Q: My wife and I have just sold an investment condominium in Cali fornia and were thinking of using the money to buy a retirement house out of state that we would move into in about three years. If we go ahead with this purchase, will it reduce any of the taxes we are responsible for from the sale of the condo?--W. D .P.

A: In theory, yes. But this strategy probably won’t work for you. First of all, investment property, such as your rental condo or any other business-related real estate, is not treated like residential property when it comes to deferring taxes. When you sell your principal residence, you can defer all of some of your tax obligation by purchasing another home. But this is not true with investment real estate.

The only way to defer your tax obligation on a gain generated by the sale of investment property is through what is known as a “Section 1031 exchange or trade of business property.” Under these transactions, which are also called “Starker exchanges,” you are allowed to trade the property you are selling for another piece of real estate through what is known as an “accommodator,” or, in plain terms, a middleman.
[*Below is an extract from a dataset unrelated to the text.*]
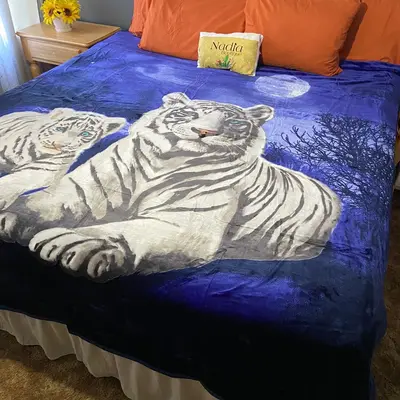WHITE TIGER QUEEN SIZE SUPER SOFT CLOUDY BLANKET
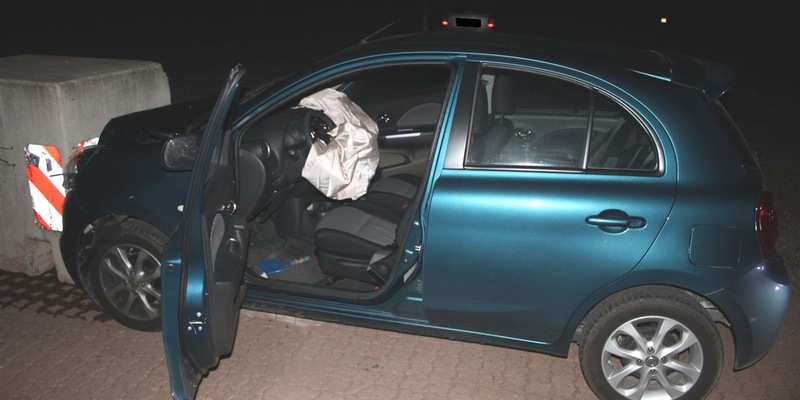 POL-MI: Auto kracht auf Kanzlers Weide gegen Betonpoller - Foto: presseportal.de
This accommodator, who acts independently of the buyer and seller, takes possession of the money and title for both the property sold and the property purchased, and then passes them on to their rightful owners. In order to have your transaction qualify as a true tax-deferred exchange, you may never take possession of any part of the money generated by the sale of your property.

So, if you have taken possession of the proceeds from the sale of your condo, as your letter suggests, you are ineligible to take advantage of the tax-deferred exchange rules. For more information about these transactions, contact the Society of CPA Financial Planners at 1-800-445-7526.

Another caveat: Exchanges are allowed for only like kinds of property, so your exchange would have to be for a piece of investment real estate.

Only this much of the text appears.